Exercise aim: Before you return the lines below, strip out any images and keep every word as written.

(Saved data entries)
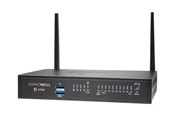 Netværksudstyr & Forlænger til trådløs - SonicWALL TZ470W - 02-SSC-8057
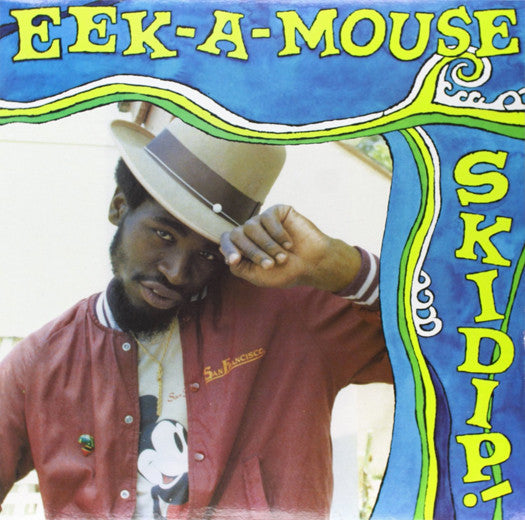 Eek To A To Mouse Skidip LP Vinyl New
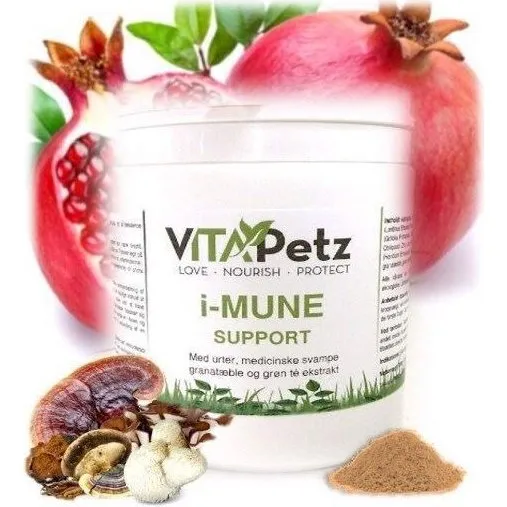 VitaPetz I-Mune Support 100g
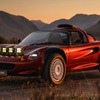 ロータス『エリーゼ』をオフロード仕様にカスタムする「プロジェクトサファリ」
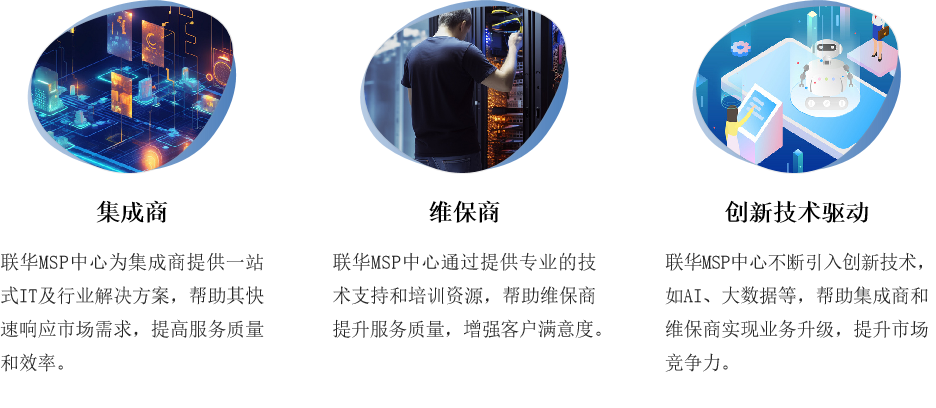 联华MSP中心 联华MSP中心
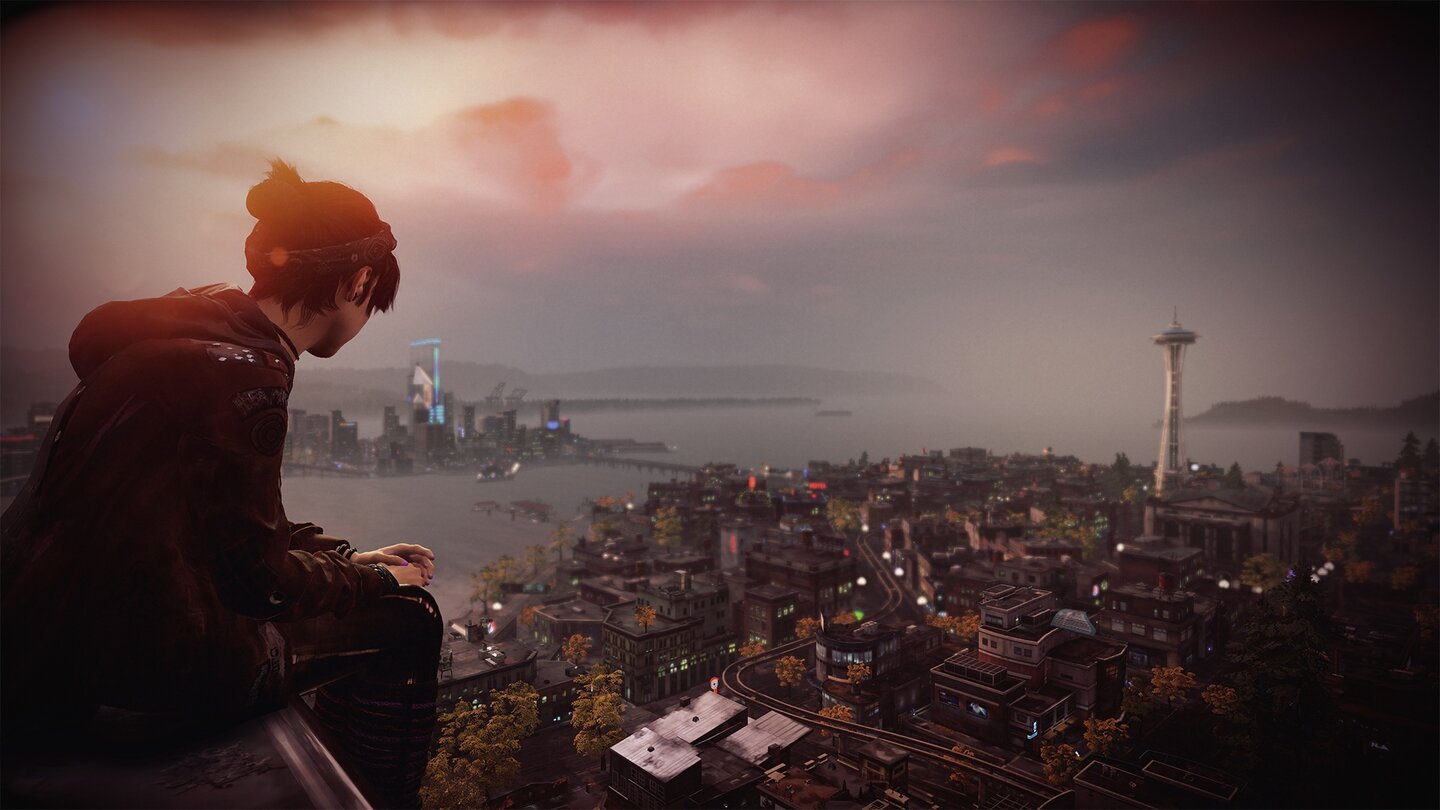 InFamous First Light - Screenshots von der gamescom 2014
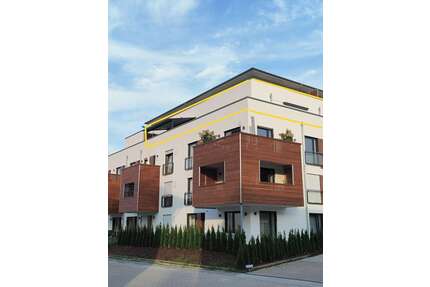 Wohnung zum Kaufen in Pocking 460.000,00 € 131.89 m²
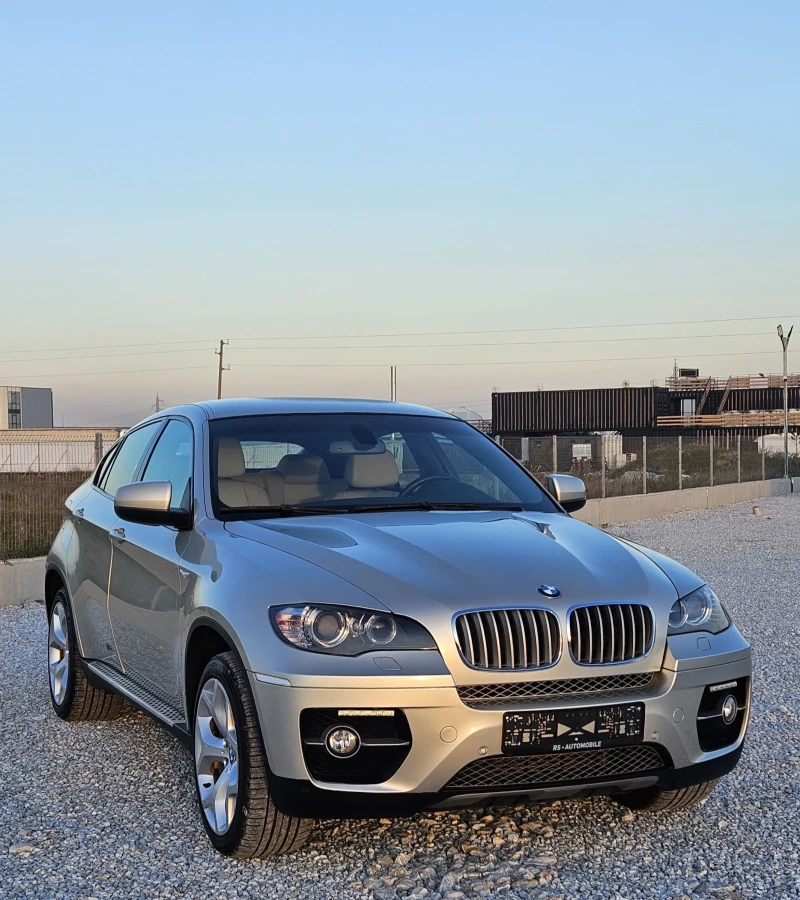 BMW X6 Евро5 Xdrive Futura, снимка 3 - Автомобили и джипове - 52818726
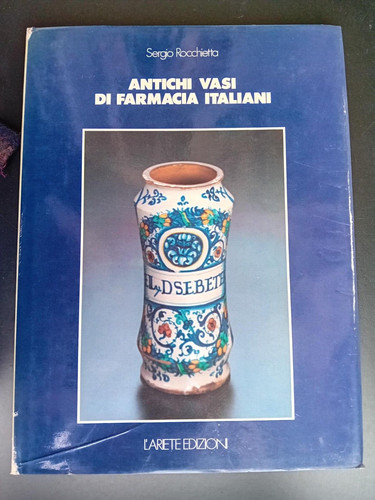 Antichi vasi farmacia - antichi,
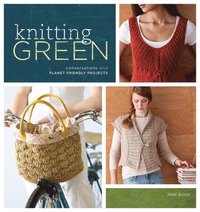 Knitting Green (h�ftad)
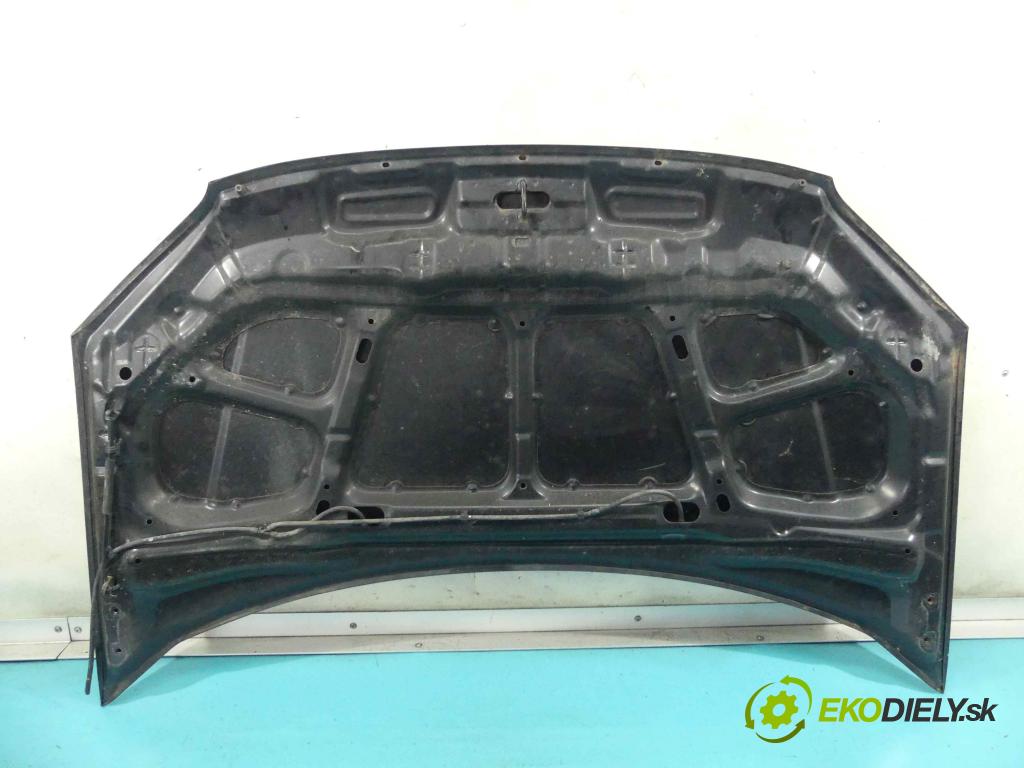 Hyundai Getz 1.1 63 HP manual 46 kW 1086 cm3 3- kapota predná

Solution for this problem:
 Netværksudstyr & Forlænger til trådløs - SonicWALL TZ470W - 02-SSC-8057
 Eek To A To Mouse Skidip LP Vinyl New
 VitaPetz I-Mune Support 100g
 ロータス『エリーゼ』をオフロード仕様にカスタムする「プロジェクトサファリ」
 联华MSP中心 联华MSP中心
 InFamous First Light - Screenshots von der gamescom 2014
 Wohnung zum Kaufen in Pocking 460.000,00 € 131.89 m²
 BMW X6 Евро5 Xdrive Futura, снимка 3 - Автомобили и джипове - 52818726
 Antichi vasi farmacia - antichi,
 Knitting Green (h�ftad)
 Hyundai Getz 1.1 63 HP manual 46 kW 1086 cm3 3- kapota predná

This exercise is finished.